Mammoth tusk lifted from construction pit

Museum at UW plans to preserve, study, display it

The Columbian
Published: February 14, 2014, 4:00pm
5 Photos
A fossilized mammoth tusk, covered in protective plaster and blankets and strapped down, is hoisted Friday by a crane at a construction site in Seattle's South Lake Union neighborhood, where it was discovered Tuesday.
A fossilized mammoth tusk, covered in protective plaster and blankets and strapped down, is hoisted Friday by a crane at a construction site in Seattle's South Lake Union neighborhood, where it was discovered Tuesday. The tusk is being moved to the Burke Museum at the University of Washington for further scientific analysis. Photo Gallery

SEATTLE — A fossilized mammoth tusk discovered in a Seattle construction site was retrieved Friday evening from a 30-foot-deep pit to the sound of cheers and clicking from people taking pictures.

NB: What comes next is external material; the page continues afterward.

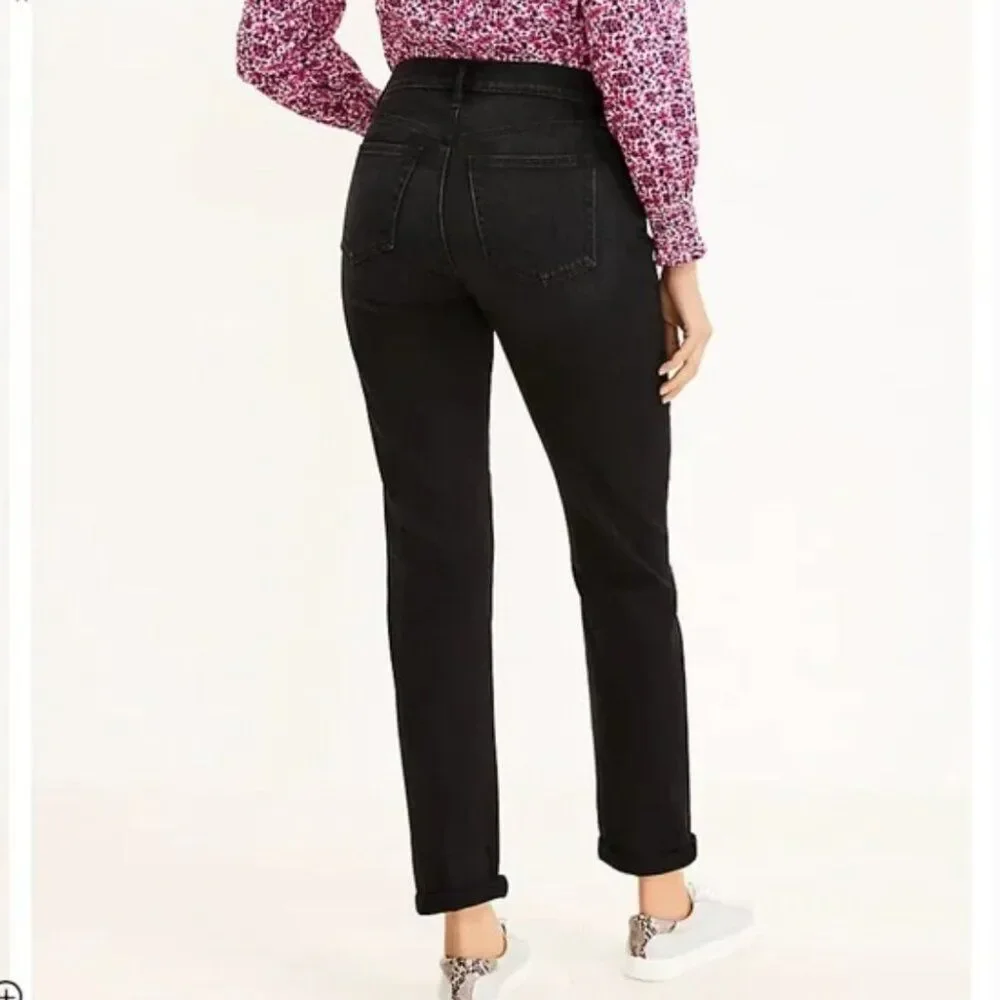 LOFT Mid Rise Girlfriend Jeans - Size 8 - NWT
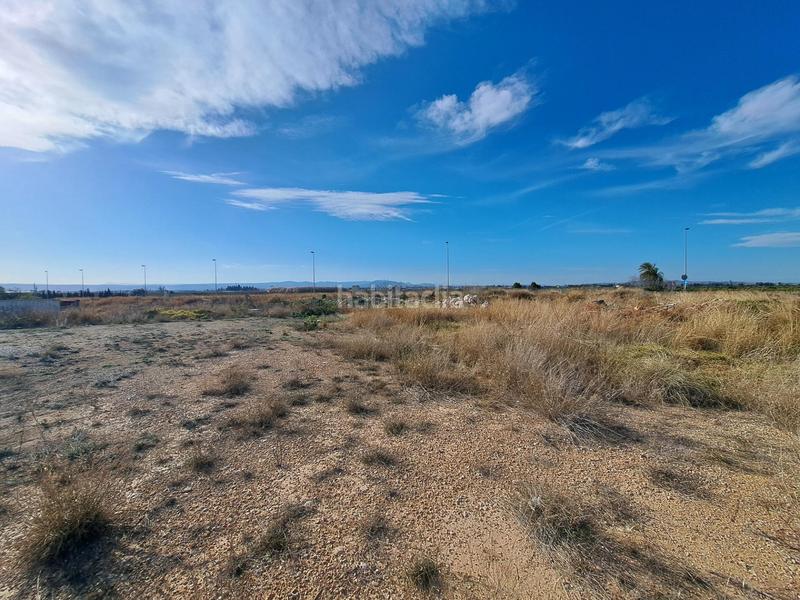 Foto c7ab59a3-4e9e-4668-b871-5da822d5c128. Solar industrial a Urbanitzacions i Pedanies Nord Alzira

Scientists and construction crews used a crane to retrieve and hoist the tusk, which was placed on a pallet, encased in plaster and covered in blankets, to a waiting flat-bed truck. The tusk headed to its new home a few miles away at the Burke Museum of Natural History and Culture on the University of Washington’s Seattle campus, where it will be preserved, studied and eventually put on display.

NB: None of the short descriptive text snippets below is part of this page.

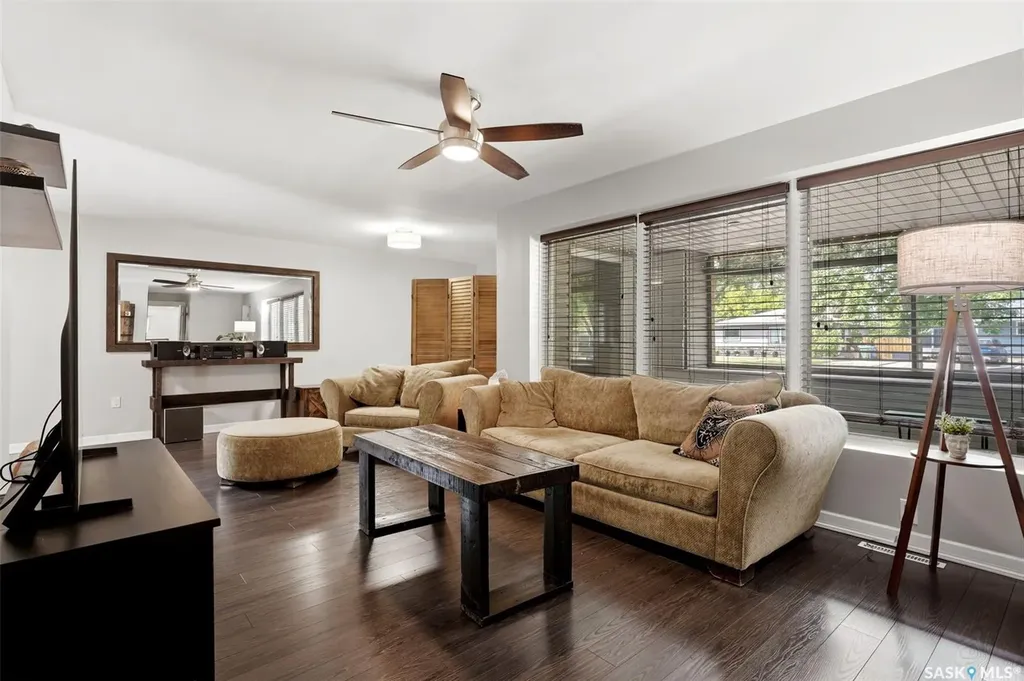 1829 Grant Drive Regina SK S4S 4V5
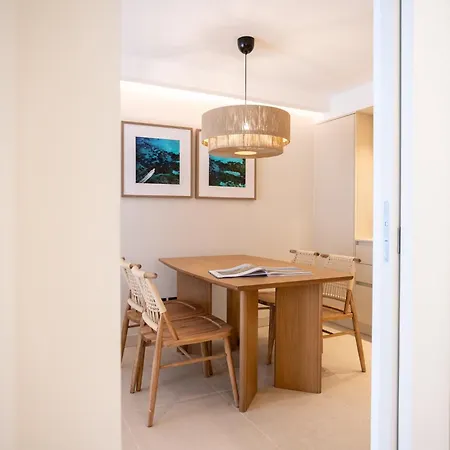 Il Borgo, Marina Homesuites, Poltu Quatu 4*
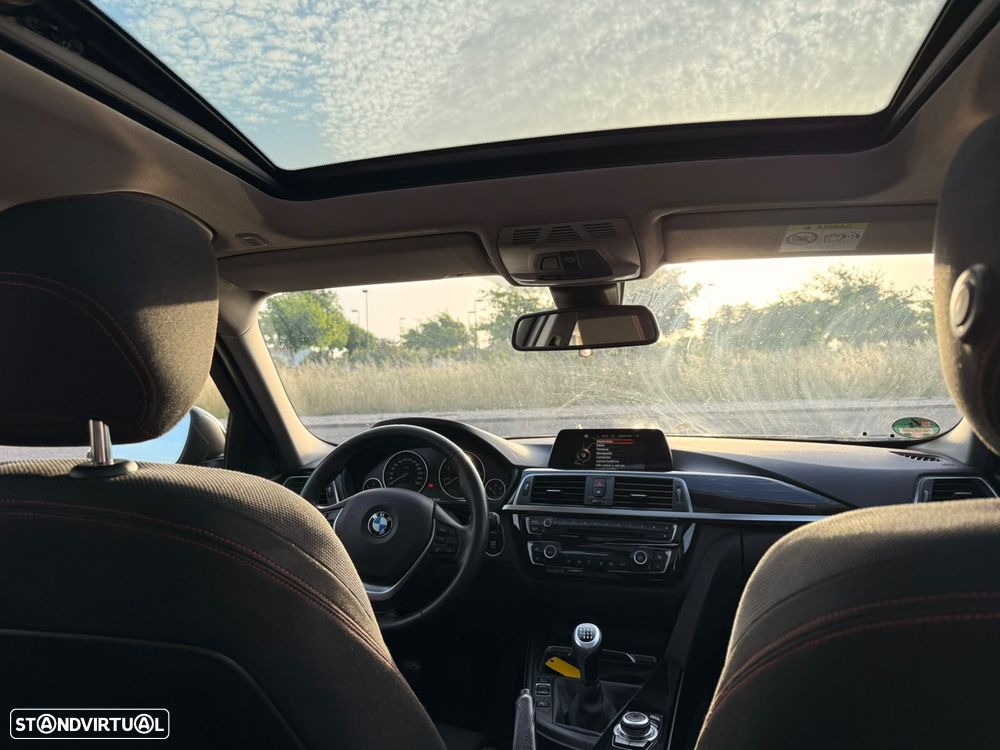 BMW 320 d Sport Line - 7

The tusk, believed to be of a Columbian mammoth, was measured at 8.5-feet long after it was fully exposed overnight. It’s between 20,000 and 60,000 years old and with the plaster encasing could weigh up to 500 pounds, said Christian Sidor, a paleontologist from the Burke Museum.

The tusk is water-logged. Scientists say properly restoring and preserving it could take at least a year.

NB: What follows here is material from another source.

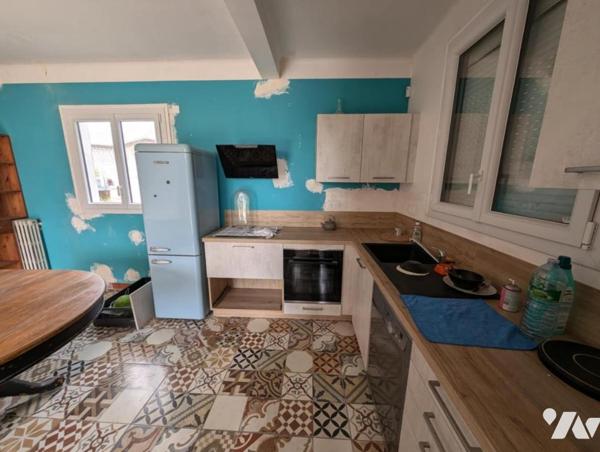 À VENDRE – MAISON DE PAYS EN PIERRE AVEC VUE MER PARTIELLE, CENTRE-VILLE DE PERROS-GUIREC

Construction workers found the tusk Tuesday about 30 feet below street level, thinking at first that it might be a pipe or a root. The company building a 118-unit apartment complex at the site has nearly stopped construction to accommodate the scientists.

No more fossils were found during the overnight dig, the museum said Friday.

“Generally tusks like these are the last thing left” after animals and time remove the bones and the rest of the creature, Sidor said.

The tusk’s fate was entirely up to the landowner, who decided to donate it to the Burke Museum. The costs of the delay aren’t known yet, said Scott Koppelman of AMLI Residential, which also owns apartment complexes to the south and west of the construction site. The benefits to the community “outweigh the costs,” he said Thursday.

Mammoths and mastodons were ancient elephant relatives that roamed North American lands that were not covered in ice. Both became extinct as glaciers retreated at the end of the Ice Age. Columbian mammoths grew to 12 feet at the shoulder, or about the size of today’s Asian elephants, the museum said.

Fossilized mammoth remains have been found numerous times in the Seattle area and in the state, so much so that the Columbian mammoth is the state’s official fossil. Still, most of the museum’s collection is fragments. The tusk found this week would be one of the largest and most intact specimens found.

Children at a daycare next door and adults all cheered as the pallet hung over the construction site.

At the day care, there was a hand-made sign that said, “Woolly U B my Valentine?”